Em 2013, a turma conseguiu uma liminar (decisão provisória) na Justiça para conseguir assistir às aulas e fazer as provas como alunos da instituição. “Nenhum aluno conseguia acesso ao sistema de notas e alguns estavam sem o bilhete único de estudante. Faltavam professores e tínhamos que brigar para ter qualquer informação”, diz Kátya.

Antes de parar na Justiça, a turma afirma que procurou o Procon-SP e tentou, sem sucesso, fazer um acordo com a Uniesp. Segundo um ranking divulgado pelo órgão no fim do ano passado, o grupo não é o único a ter problemas com a instituição: a Uniesp foi a universidade mais reclamada do Estado naquele ano.

Segundo o Procon, foram 290 queixas contra a instituição –70% solucionadas. O órgão diz que a maior parte das reclamações eram relacionadas à oferta de curso de ensino superior gratuito (como o programa “Uniesp Paga”) e à contratação obrigatória do Fies para liberação do acesso às aulas e provas.

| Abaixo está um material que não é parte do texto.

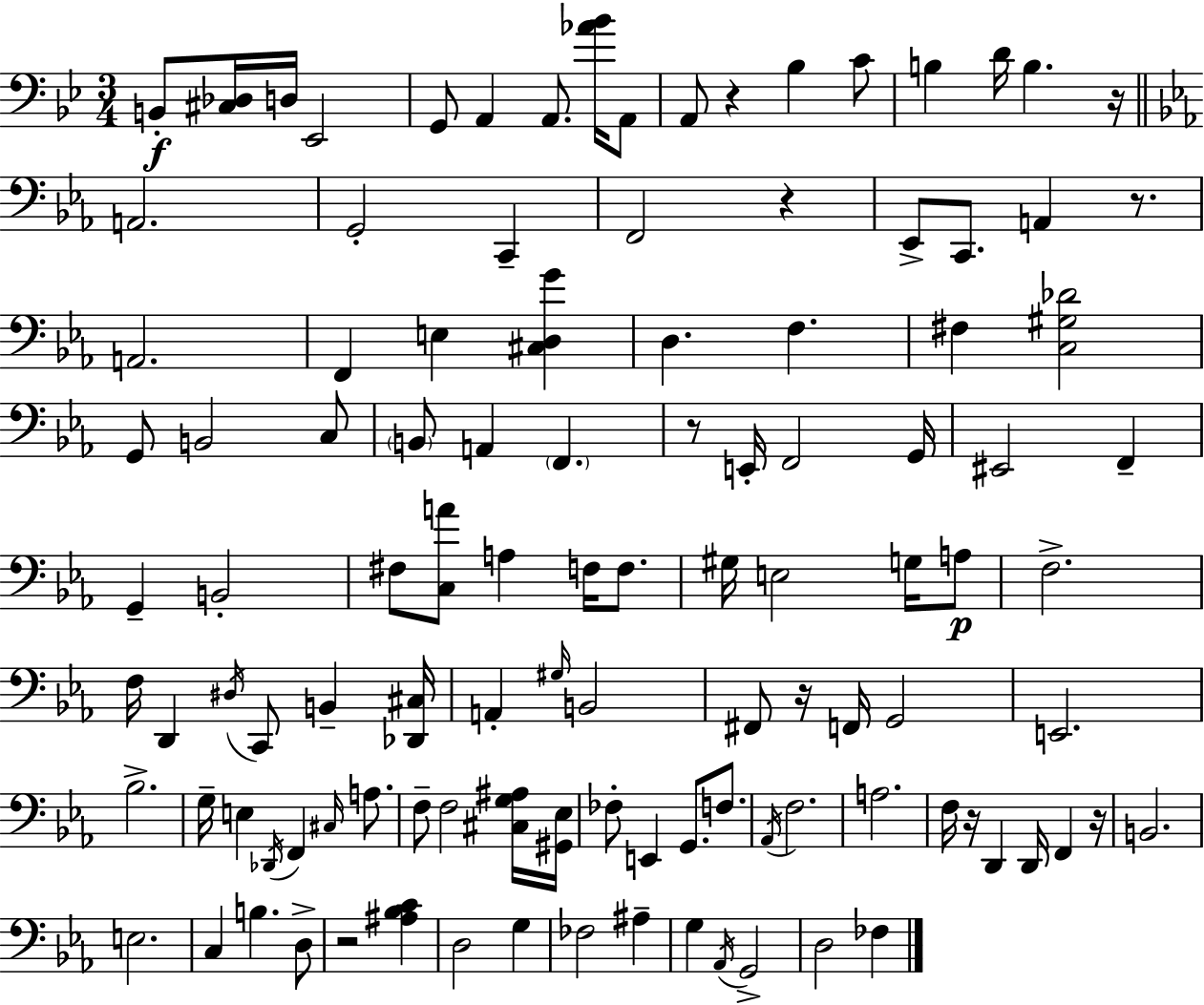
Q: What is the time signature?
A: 3/4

Nos últimos doze meses, o site ReclameAqui recebeu 443 reclamações contra a Uniesp. Em uma escala de zero a dez, a nota dos consumidores foi de 2,67. Apenas 21% dos reclamantes voltariam a fazer negócio com a instituição.

No início deste ano, a turma se formou, mas no dia da colação dois alunos que fazem parte do processo não constavam na lista dos que estavam aptos. No dia seguinte, dizem os estudantes, eles conseguiram o documento porque foram até a instituição acompanhados do advogado.

Irregularidades

O MEC instaurou em julho de 2012 um procedimento para apurar denúncias de irregularidades nos processos seletivos das instituições vinculadas ao grupo Uniesp. No ano passado, a Uniesp sofreu uma série de sanções do MEC, que ficou impedida de solicitar abertura de cursos, fazer fusões e aquisições e realizar novos contratos do Fies.

A Uniesp está presente em 82 municípios, sendo 59 no Estado de São Paulo, duas unidades no Rio de Janeiro, uma em Tocantins, três em Minas Gerais, duas na Bahia, nove no Paraná, duas em Santa Catarina, cinco em Mato Grosso do Sul e uma na Paraíba.

A reportagem questionou a Uniesp sobre quantos alunos o grupo possui, quantos fizeram contrato com o Fies, quantos fazem parte do programa Uniesp Paga e qual é o perfil dos alunos, já que as mensalidades custam mais de R$ 1.000. Além disso, o grupo foi questionado sobre quais são as garantias que o aluno possui de que a Uniesp vai pagar o financiamento do Fies e por que oficialmente o grupo não existe, já que as instituições de ensino possuem mantenedoras diferentes. A Uniesp não respondeu às perguntas e não comentou o caso dos alunos que processam a instituição.

Em nota, a Uniesp afirmou que as questões levantadas pela reportagem fazem parte de um termo que será formalizado oficialmente nesta quarta-feira (9), em Brasília, com representantes da Procuradoria da República, do MEC, do FNDE e da Uniesp e que seus termos, a pedido do Ministério Público, não podem ser divulgados antes de serem assinados.